Quand la Suisse repêche de l’or dans ses ordures
En matière de récupération des métaux, la Suisse est leader mondiale. Et ça paie, ce qui suscite pas mal d’intérêt à l’échelle internationale. Petite visite d’une installation pionnière en la matière avec une délégation venue du Japon.
Daniel Böni plonge sa main dans un conteneur. «On en trouve à chaque fois», assure-t-il. La première est trop rouillée, mais la deuxième permettrait de s’en donner à cœur joie. En tout, il en pêche trois. Trois boules de pétanque. En Suisse, les gens les jettent à la poubelle, elles finissent donc leur course dans les ordures. Mauvais point pour un pays qui s’enorgueillit de ses taux de recyclage élevés en maints domaines.
Daniel Böni est ici chez lui puisqu’il dirige cette installation d’élimination et de valorisation des déchets. Ce jour-là, il fait visiter le site à une délégation venue du Japon. À Hinwil, l’usine d’incinération des ordures ménagères de l’Oberland zurichois – ou KEZO – est pionnière dans la récupération des métaux. On y traite les déchets des ménages et entreprises du pays. Techniquement, les ordures y sont incinérées. Restent des cendres et des reliefs comme ces boules de pétanque. Mais ce qui intéresse avant tout, ce sont les métaux: aluminium, platine, or, notamment.
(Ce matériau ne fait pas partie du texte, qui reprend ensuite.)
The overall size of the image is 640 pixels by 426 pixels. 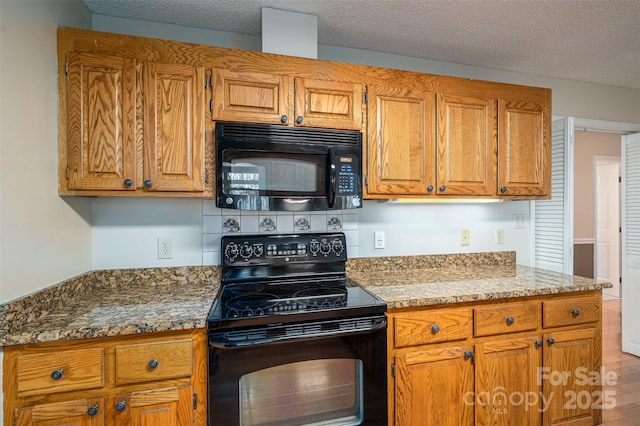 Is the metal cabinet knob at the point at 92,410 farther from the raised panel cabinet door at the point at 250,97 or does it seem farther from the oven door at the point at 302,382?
the raised panel cabinet door at the point at 250,97

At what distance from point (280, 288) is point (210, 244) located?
20.4 inches

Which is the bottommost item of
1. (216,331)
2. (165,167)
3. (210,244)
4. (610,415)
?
(610,415)

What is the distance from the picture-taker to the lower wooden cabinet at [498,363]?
155 cm

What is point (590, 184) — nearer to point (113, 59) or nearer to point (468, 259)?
point (468, 259)

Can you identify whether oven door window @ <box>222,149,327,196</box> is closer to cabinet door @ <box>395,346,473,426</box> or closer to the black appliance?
the black appliance

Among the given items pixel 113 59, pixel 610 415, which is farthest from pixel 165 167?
pixel 610 415

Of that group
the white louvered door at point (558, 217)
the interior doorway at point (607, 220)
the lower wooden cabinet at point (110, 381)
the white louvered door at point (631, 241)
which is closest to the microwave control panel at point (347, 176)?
the lower wooden cabinet at point (110, 381)

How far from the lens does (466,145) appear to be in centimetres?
197

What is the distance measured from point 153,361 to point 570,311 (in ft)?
7.02

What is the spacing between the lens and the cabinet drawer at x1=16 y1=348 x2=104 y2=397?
1.13 m

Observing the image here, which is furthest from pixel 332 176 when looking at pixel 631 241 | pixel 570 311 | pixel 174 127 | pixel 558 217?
pixel 631 241

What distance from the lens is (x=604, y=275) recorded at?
4.85 m

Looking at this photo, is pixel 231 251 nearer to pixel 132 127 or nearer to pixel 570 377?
pixel 132 127

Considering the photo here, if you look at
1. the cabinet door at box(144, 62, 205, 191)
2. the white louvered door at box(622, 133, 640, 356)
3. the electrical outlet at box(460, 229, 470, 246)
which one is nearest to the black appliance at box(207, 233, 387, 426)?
the cabinet door at box(144, 62, 205, 191) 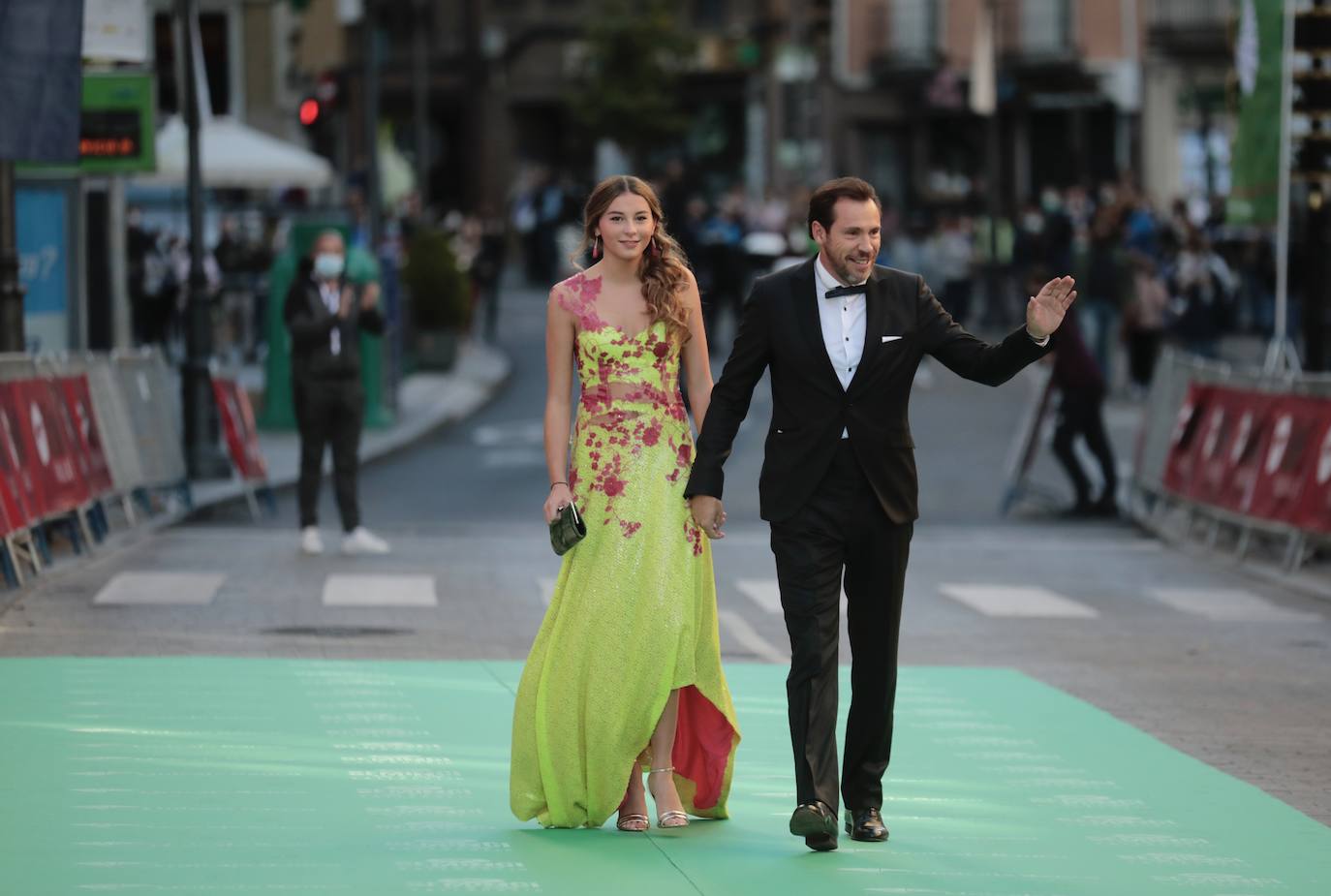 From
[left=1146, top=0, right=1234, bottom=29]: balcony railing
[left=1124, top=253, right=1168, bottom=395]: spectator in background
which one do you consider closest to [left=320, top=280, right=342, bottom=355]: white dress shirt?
[left=1124, top=253, right=1168, bottom=395]: spectator in background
«Il nous arrive de trouver une chaîne en or ou un tout petit lingot, indique le directeur. Une grand-maman les aura peut-être trop bien cachés et ils auront fini à la poubelle au moment de débarrasser le ménage…» Mais l’objectif de la récupération des métaux est ailleurs. KEZO vise les déchets électroniques, qui fourmillent de particules de métaux recherchés.
Une activité qui rapporte
«Avec le prix actuel de l’or, c’est super», se réjouit Daniel Böni. Mais de toute manière, l’approche est payante. «Avec les recettes de la vente de métaux, sans prendre de salaire, je m’en serais bien mieux sorti encore», précise-t-il. Concrètement, la récupération des métaux est intéressante non seulement d’un point de vue économique, mais aussi sur le plan de l’écologie, souligne le directeur. Une démarche à ses yeux au moins aussi importante que la captation de l’énergie produite par l’incinération desdits déchets.
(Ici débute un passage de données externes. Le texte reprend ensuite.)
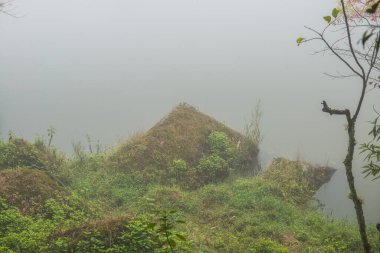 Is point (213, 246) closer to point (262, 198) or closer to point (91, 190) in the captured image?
point (262, 198)

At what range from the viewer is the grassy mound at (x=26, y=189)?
24.7ft

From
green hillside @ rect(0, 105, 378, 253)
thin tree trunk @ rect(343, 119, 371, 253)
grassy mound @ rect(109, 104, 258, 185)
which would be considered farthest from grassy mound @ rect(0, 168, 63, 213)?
thin tree trunk @ rect(343, 119, 371, 253)

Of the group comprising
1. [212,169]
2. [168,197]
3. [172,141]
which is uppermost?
[172,141]

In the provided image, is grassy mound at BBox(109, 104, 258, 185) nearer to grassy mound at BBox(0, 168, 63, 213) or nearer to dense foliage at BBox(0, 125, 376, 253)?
dense foliage at BBox(0, 125, 376, 253)

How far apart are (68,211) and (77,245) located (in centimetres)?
231

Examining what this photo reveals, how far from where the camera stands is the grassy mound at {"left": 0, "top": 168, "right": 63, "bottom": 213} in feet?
24.7

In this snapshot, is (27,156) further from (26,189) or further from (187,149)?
(187,149)

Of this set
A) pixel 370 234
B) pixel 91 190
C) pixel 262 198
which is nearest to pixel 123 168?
pixel 91 190

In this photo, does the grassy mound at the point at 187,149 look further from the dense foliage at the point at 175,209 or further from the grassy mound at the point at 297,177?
the grassy mound at the point at 297,177

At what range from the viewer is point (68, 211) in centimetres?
777

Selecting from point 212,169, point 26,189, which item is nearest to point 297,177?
point 212,169

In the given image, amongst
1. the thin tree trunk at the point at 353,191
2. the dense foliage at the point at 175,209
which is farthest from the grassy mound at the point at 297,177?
the thin tree trunk at the point at 353,191

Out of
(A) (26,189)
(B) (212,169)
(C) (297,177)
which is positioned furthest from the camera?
(B) (212,169)

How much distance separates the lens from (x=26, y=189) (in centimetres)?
789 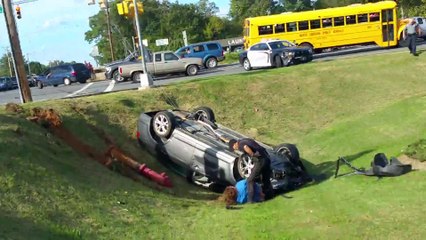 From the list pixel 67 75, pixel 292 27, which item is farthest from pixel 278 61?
pixel 67 75

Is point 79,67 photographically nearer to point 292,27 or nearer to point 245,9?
point 292,27

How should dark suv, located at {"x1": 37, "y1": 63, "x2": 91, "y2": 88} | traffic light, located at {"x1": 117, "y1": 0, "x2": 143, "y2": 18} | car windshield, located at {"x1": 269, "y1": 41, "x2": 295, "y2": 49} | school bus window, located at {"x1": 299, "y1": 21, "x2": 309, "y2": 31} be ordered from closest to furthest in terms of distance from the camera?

Au moment du démarrage de la KEZO, il y a quinze ans, rien n’assurait de la réussite de son approche. Aujourd’hui, la Suisse compte cinq installations équipées du même système et deux autres sont planifiées. Bientôt, l’ensemble des déchets suisses passeront au crible des chercheurs d’or… À l’aune internationale, c’est là une exception. «Personne nulle part ne s’y prend comme nous», lance Daniel Böni, ne laissant guère de doute sur la conviction qui l’anime.
Un cas particulier
La mission principale de KEZO Hinwil consiste à incinérer les déchets non recyclés. Normal en Suisse, exceptionnel à l’échelle de la planète, où seuls 11% des déchets municipaux connaissent le même sort, selon la Banque mondiale . En Amérique du Nord par exemple, plus de la moitié des ordures finissent en décharges. Contre 1% au Japon qui, une peu comme la Suisse, incinère 80% des déchets, selon les données compilées par la Banque mondiale dans sa parution intitulée «What a Waste 2.0». Nos visiteurs japonais sont donc en terrain connu.
Daniel Böni précise toutefois les avantages de l’incinération rapportée à la récupération des métaux: «Le métal se rétracte au cours de l’opération, ce qui permet de séparer plus aisément les différents composants métalliques». Les morceaux de feuille d’aluminium par exemple s’agglomèrent et forment de petits grumeaux.
À l’attention de ses visiteurs, le directeur souligne l’importance d’un traitement à sec des déchets, sans quoi les filtres se bouchent avec l’humidité résiduelle.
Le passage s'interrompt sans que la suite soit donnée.